→ INSTRUCTIONS TO FOLLOW
The data below should be restated word for word, pictures omitted.

○ ○ ○

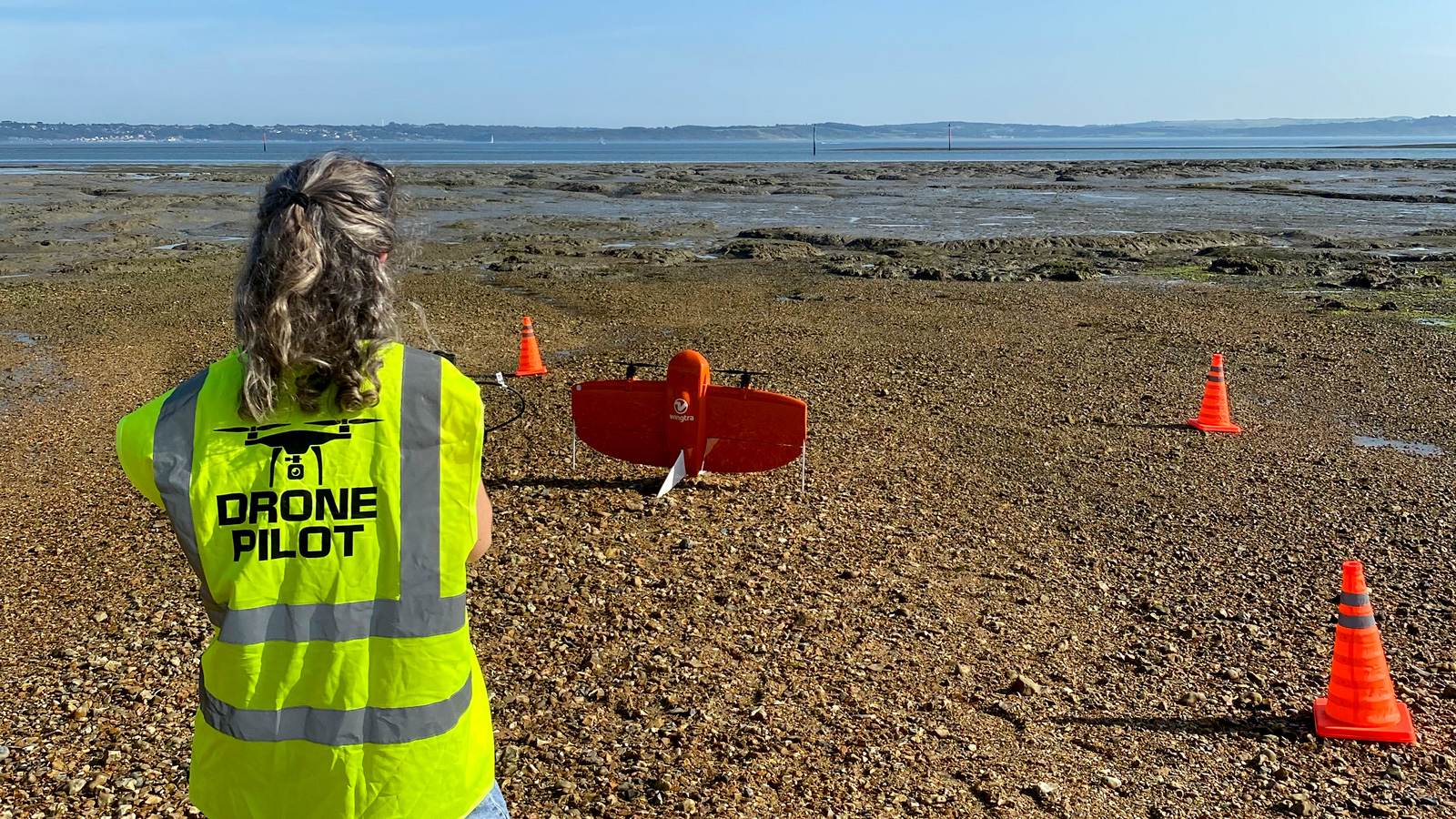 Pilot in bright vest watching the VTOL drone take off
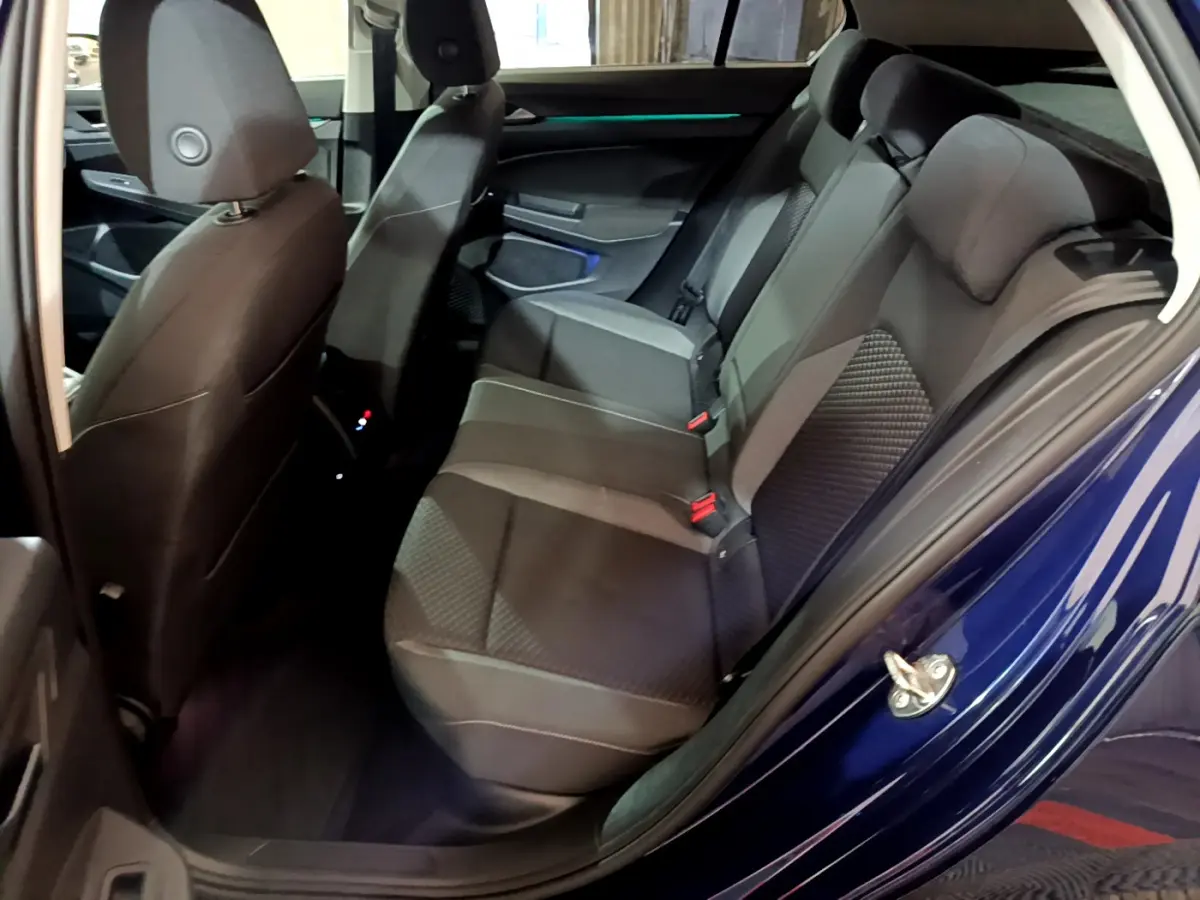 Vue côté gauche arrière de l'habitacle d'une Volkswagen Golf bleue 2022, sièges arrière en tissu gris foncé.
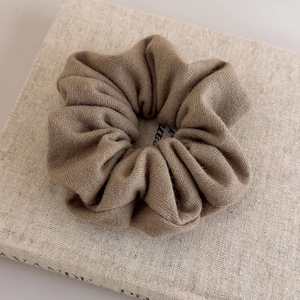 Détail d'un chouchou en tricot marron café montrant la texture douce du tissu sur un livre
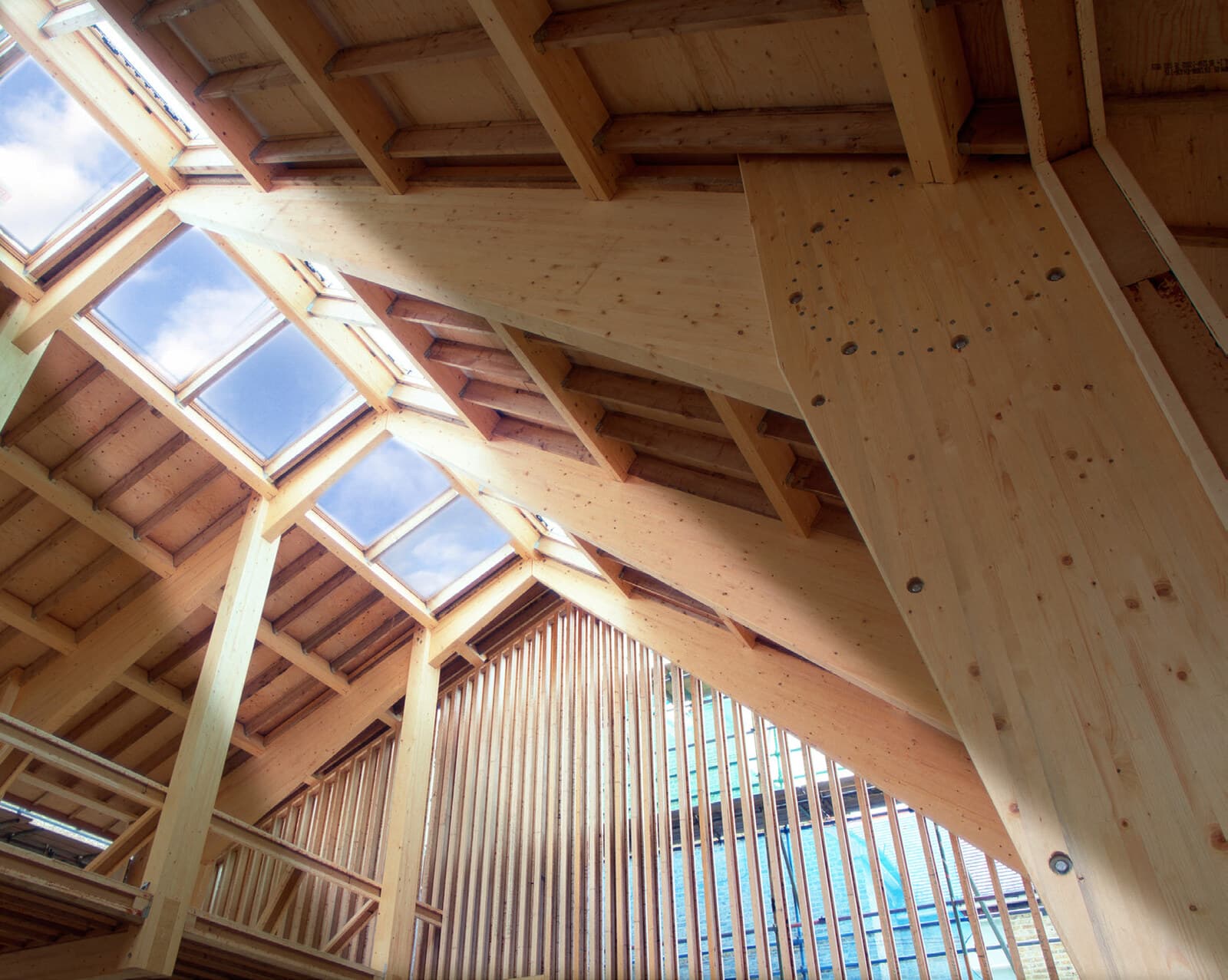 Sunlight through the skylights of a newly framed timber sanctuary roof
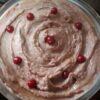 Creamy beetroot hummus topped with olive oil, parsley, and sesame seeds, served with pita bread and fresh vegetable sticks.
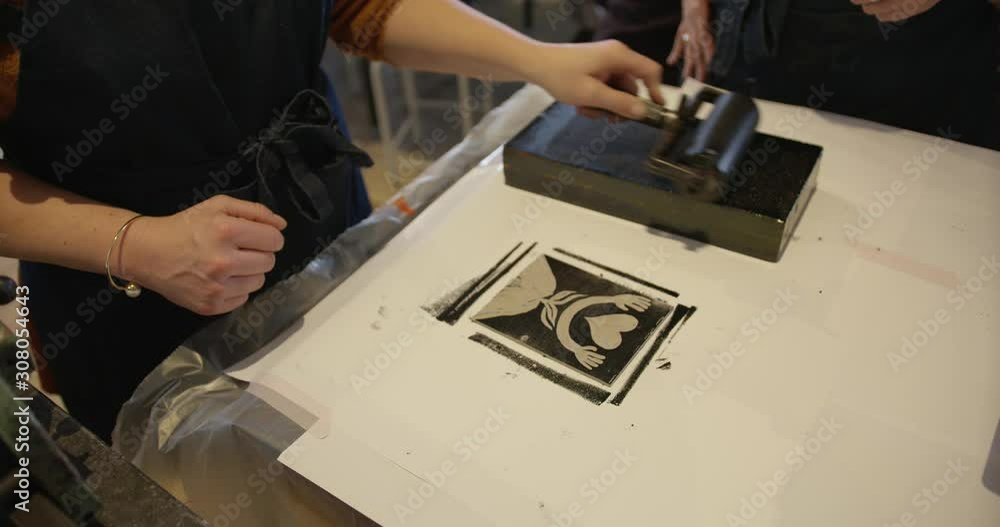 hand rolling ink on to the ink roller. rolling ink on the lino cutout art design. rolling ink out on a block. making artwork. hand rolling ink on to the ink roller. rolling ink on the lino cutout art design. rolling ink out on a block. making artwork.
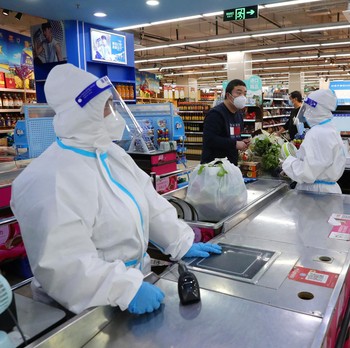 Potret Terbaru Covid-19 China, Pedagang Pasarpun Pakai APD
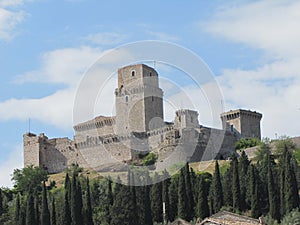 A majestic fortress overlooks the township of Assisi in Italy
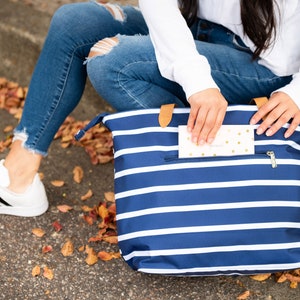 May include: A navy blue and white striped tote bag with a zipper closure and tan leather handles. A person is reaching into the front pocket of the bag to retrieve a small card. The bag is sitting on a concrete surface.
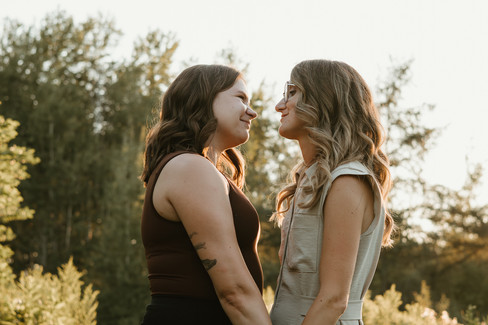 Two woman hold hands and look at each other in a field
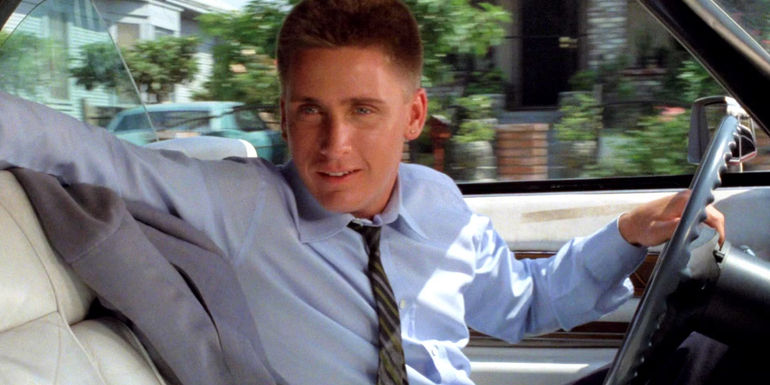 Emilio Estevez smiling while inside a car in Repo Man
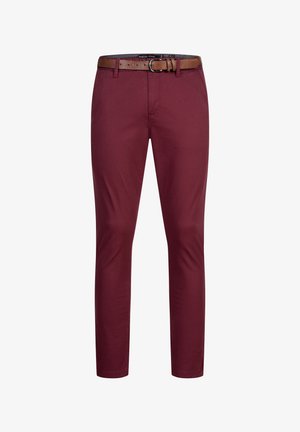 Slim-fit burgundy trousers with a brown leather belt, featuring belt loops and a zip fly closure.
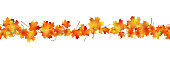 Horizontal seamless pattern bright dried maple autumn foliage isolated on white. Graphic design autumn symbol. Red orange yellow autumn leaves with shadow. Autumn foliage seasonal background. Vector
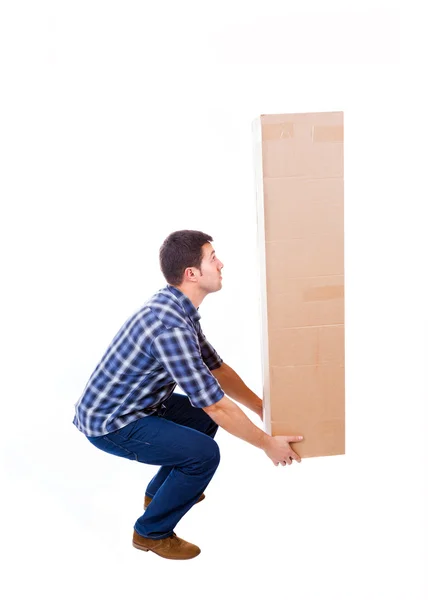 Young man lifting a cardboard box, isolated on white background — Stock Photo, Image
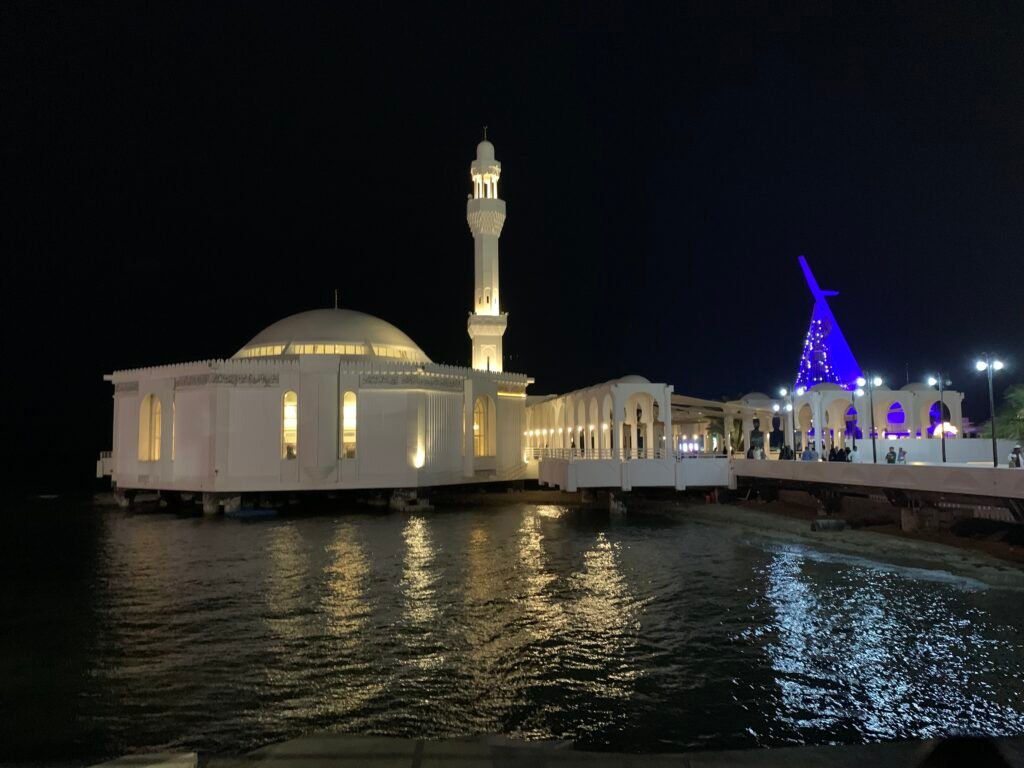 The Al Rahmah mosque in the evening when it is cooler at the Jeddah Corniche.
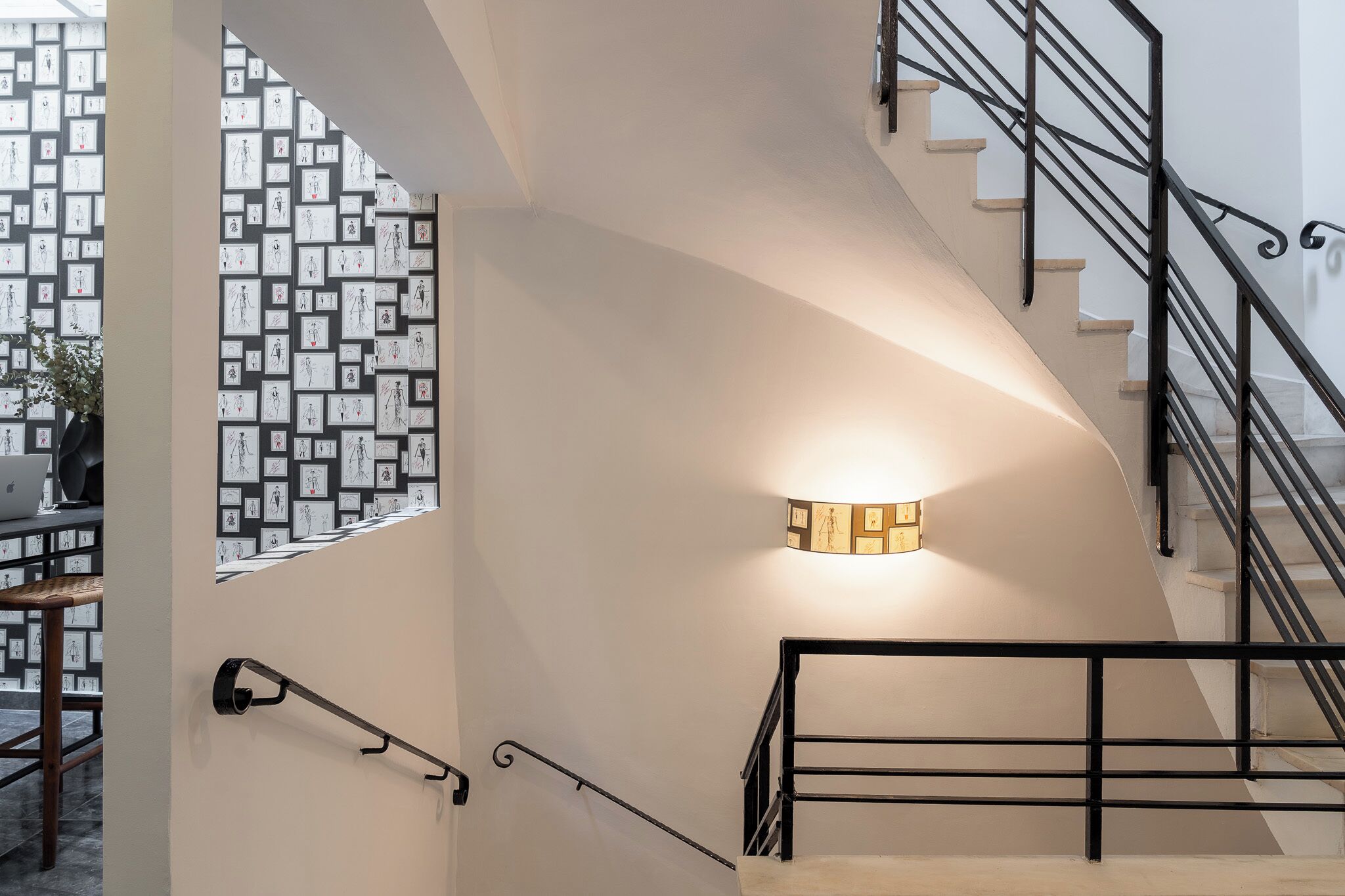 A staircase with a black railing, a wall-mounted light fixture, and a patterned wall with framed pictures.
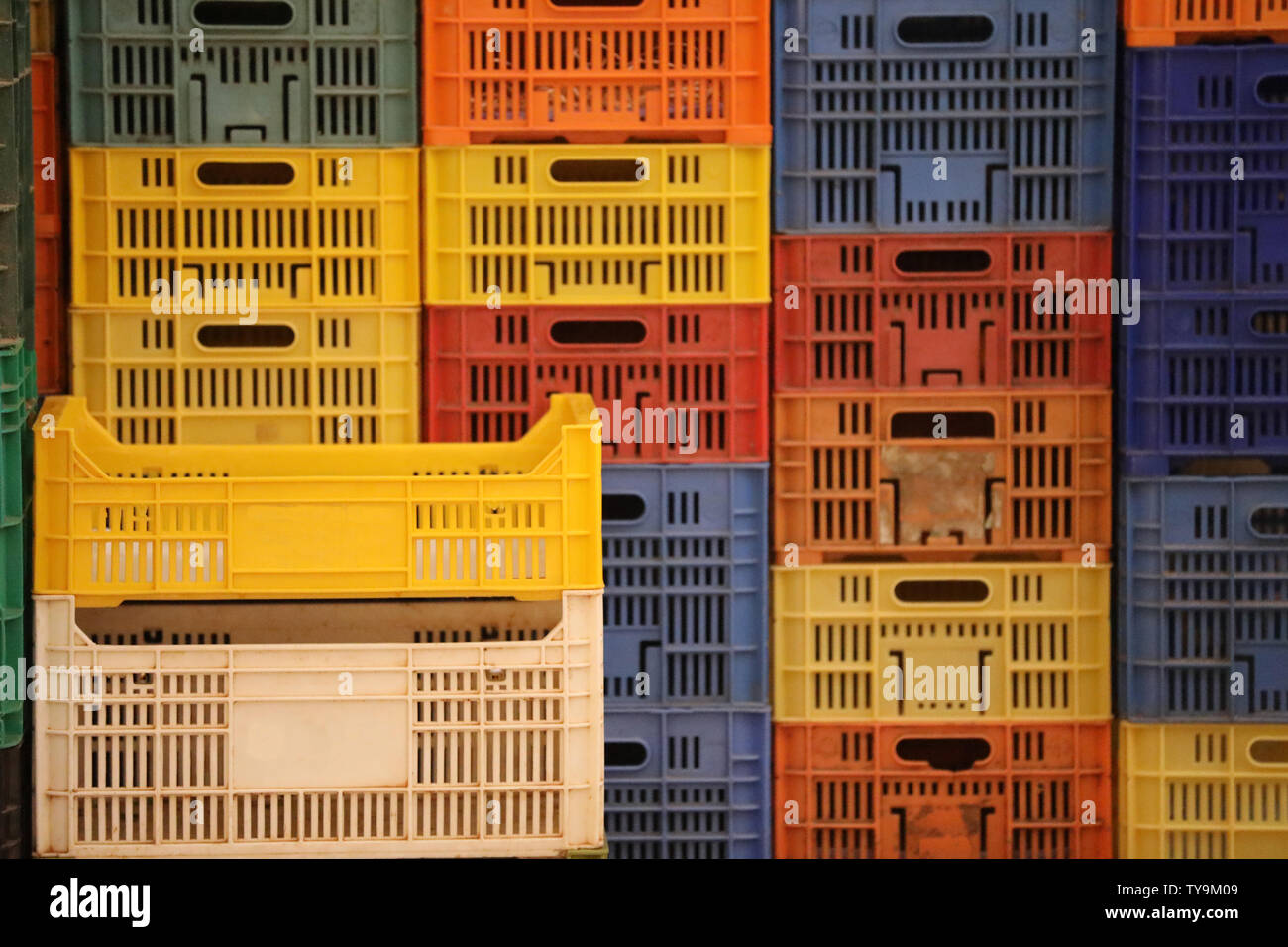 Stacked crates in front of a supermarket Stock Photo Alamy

○ ○ ○

→ WRITTEN ANSWER
 Pilot in bright vest watching the VTOL drone take off
 Vue côté gauche arrière de l'habitacle d'une Volkswagen Golf bleue 2022, sièges arrière en tissu gris foncé.
 Détail d'un chouchou en tricot marron café montrant la texture douce du tissu sur un livre
 Sunlight through the skylights of a newly framed timber sanctuary roof
 Creamy beetroot hummus topped with olive oil, parsley, and sesame seeds, served with pita bread and fresh vegetable sticks.
 hand rolling ink on to the ink roller. rolling ink on the lino cutout art design. rolling ink out on a block. making artwork. hand rolling ink on to the ink roller. rolling ink on the lino cutout art design. rolling ink out on a block. making artwork.
 Potret Terbaru Covid-19 China, Pedagang Pasarpun Pakai APD
 A majestic fortress overlooks the township of Assisi in Italy
 May include: A navy blue and white striped tote bag with a zipper closure and tan leather handles. A person is reaching into the front pocket of the bag to retrieve a small card. The bag is sitting on a concrete surface.
 Two woman hold hands and look at each other in a field
 Emilio Estevez smiling while inside a car in Repo Man
 Slim-fit burgundy trousers with a brown leather belt, featuring belt loops and a zip fly closure.
 Horizontal seamless pattern bright dried maple autumn foliage isolated on white. Graphic design autumn symbol. Red orange yellow autumn leaves with shadow. Autumn foliage seasonal background. Vector
 Young man lifting a cardboard box, isolated on white background — Stock Photo, Image
 The Al Rahmah mosque in the evening when it is cooler at the Jeddah Corniche.
 A staircase with a black railing, a wall-mounted light fixture, and a patterned wall with framed pictures.
 Stacked crates in front of a supermarket Stock Photo Alamy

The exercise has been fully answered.